11. The adjustable steering column assembly set forth in claim 10 wherein the sleeve snap fits to the bracket in the through-bore.

12. The adjustable steering column assembly set forth in claim 9 further comprising a bearing race supported by the bracket in the through-bore and disposed concentrically to the centerline.

13. An adjustable steering column assembly for a vehicle comprising:

a bracket having a through-bore;

a rotating shaft supported rotatably by the bracket and extending through the through-bore;

a structure; and

a pivot joint having a bore having a narrowed slit both located in one of the structure and the bracket, and a boss projecting unitarily outward from the other of the structure and the bracket as one piece, wherein the boss extends through the slit and is disposed substantially in the bore for pivotal movement of the bracket and the shaft with respect to the structure.
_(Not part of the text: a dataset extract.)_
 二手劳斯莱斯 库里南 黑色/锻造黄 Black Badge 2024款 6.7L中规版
14. The adjustable steering column set forth in claim 13 wherein the shaft is a telescoping shaft.

15. The adjustable steering column set forth in claim 14 further comprising a jacket sleeve disposed concentrically to and spaced radially outward from the shaft and snap fitted into the bracket.

16. The adjustable steering column set forth in claim 15 further comprising a control mechanism constructed and arranged to restrict pivotal movement of the bracket, shaft, and jacket sleeve, and being supported by the mounting structure.
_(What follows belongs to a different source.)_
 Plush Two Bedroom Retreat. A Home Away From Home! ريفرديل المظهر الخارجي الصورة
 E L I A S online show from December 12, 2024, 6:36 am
17. An adjustable steering column assembly for a vehicle comprising:

a structure attached to the vehicle;

a bracket connected pivotally to the structure and having a through-bore orientated concentrically to a centerline;

a shaft supported rotatably by the bracket and disposed concentrically to the centerline, the shaft having a first end engaged to a steering wheel and an opposite second end extending through the through-bore of the bracket; and

a rake pivot joint carried between the bracket and the structure, the rake pivot joint having a pivot axis disposed perpendicular to and spaced from the centerline.

18. The adjustable steering column assembly set forth in claim 17 further comprising a bore of the rake pivot joint in the structure and disposed concentrically to the pivot axis for rotating receipt of an elongated boss of the rake pivot joint.

19. The adjustable steering column assembly set forth in claim 18 wherein the boss projects unitarily from the bracket and forms one piece with the bracket.

20. The adjustable steering column assembly set forth in claim 19 wherein a jacket sleeve snap fits into a first portion of the through-bore and a bearing adaptor fits into an opposite second portion of the through-bore.